Top of INFORMATION PROVIDED
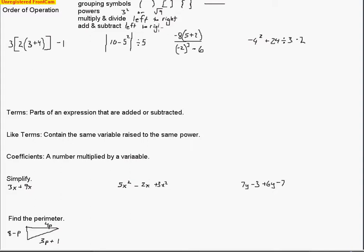Let's get on to some problems. For this first one, we've got some grouping symbols and some operations we have to do first. We see this 3 on the outside — let's leave that there. Bring down the bracket, bring down the 2, because I'm going to work the innermost parentheses first. I see that 3 and 4 add to make 7.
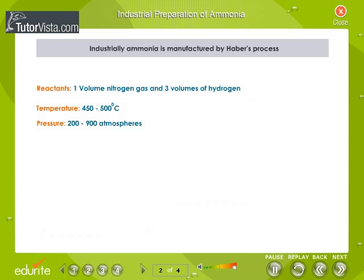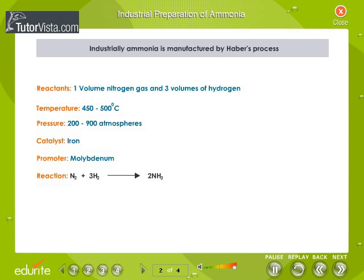Industrial preparation of ammonia: Industrially, ammonia is manufactured by Haber's process. Reactants: 1 volume of nitrogen gas and 3 volumes of hydrogen. Temperature: 450–500°C. Pressure: 200–900 atmospheres. Catalyst: iron; promoter: molybdenum. Reaction: N₂ + 3H₂ → 2NH₃.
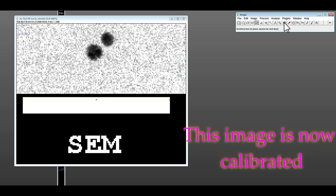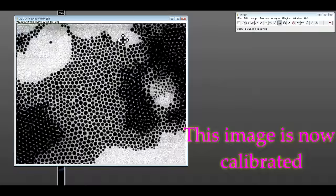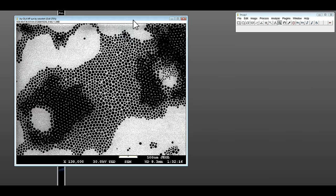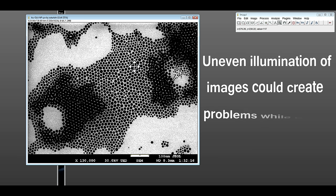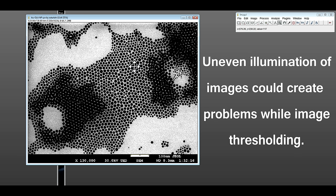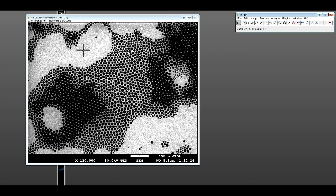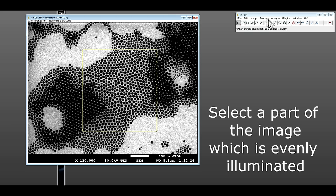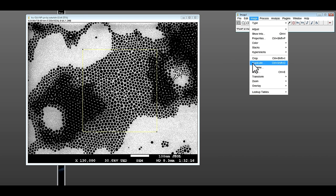And for particle size analysis, evenly illuminated image is very important. Let's use this element, let's duplicate it.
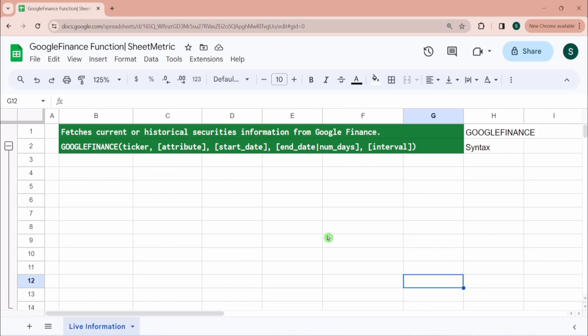Hello everyone. Today we will learn about the Google Finance function in Google Sheets. This function can fetch 20 plus kinds of data points for any share within seconds.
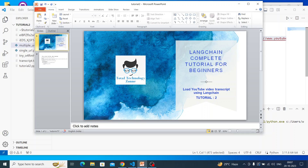Very importantly, don't just watch my videos blindly. Try to watch once or twice or three times, then write your own code on your own laptop or computer. Unless you write the code yourself, you will not get the confidence, and from confidence you will be able to think out of the box. The world is not going to revolve around this small tutorial — you have to do a lot in the industry. When you start writing code, you start thinking, and thinking helps you go to the next level. That's it for today, we'll see you in the next video. Take care, goodbye, and happy learning!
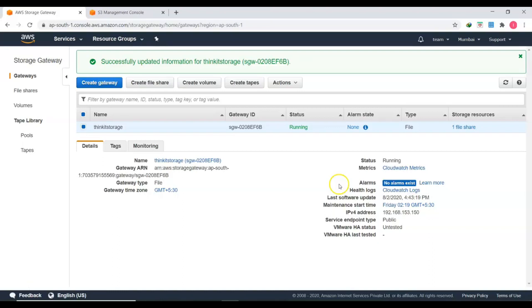In this video I demonstrated how to set up an AWS Storage Gateway, how to create a file share, and how to mount it on both Windows and Linux operating systems. Thanks for watching — please like, share, and subscribe.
Bottom of INFORMATION PROVIDED
PROBLEM DESCRIPTION
The records above must be repeated in full and exactly, but without any of the pictures.

WRITTEN REPLY
Let's get on to some problems. For this first one, we've got some grouping symbols and some operations we have to do first. We see this 3 on the outside — let's leave that there. Bring down the bracket, bring down the 2, because I'm going to work the innermost parentheses first. I see that 3 and 4 add to make 7.
Industrial preparation of ammonia: Industrially, ammonia is manufactured by Haber's process. Reactants: 1 volume of nitrogen gas and 3 volumes of hydrogen. Temperature: 450–500°C. Pressure: 200–900 atmospheres. Catalyst: iron; promoter: molybdenum. Reaction: N₂ + 3H₂ → 2NH₃.
And for particle size analysis, evenly illuminated image is very important. Let's use this element, let's duplicate it.
Hello everyone. Today we will learn about the Google Finance function in Google Sheets. This function can fetch 20 plus kinds of data points for any share within seconds.
Very importantly, don't just watch my videos blindly. Try to watch once or twice or three times, then write your own code on your own laptop or computer. Unless you write the code yourself, you will not get the confidence, and from confidence you will be able to think out of the box. The world is not going to revolve around this small tutorial — you have to do a lot in the industry. When you start writing code, you start thinking, and thinking helps you go to the next level. That's it for today, we'll see you in the next video. Take care, goodbye, and happy learning!
In this video I demonstrated how to set up an AWS Storage Gateway, how to create a file share, and how to mount it on both Windows and Linux operating systems. Thanks for watching — please like, share, and subscribe.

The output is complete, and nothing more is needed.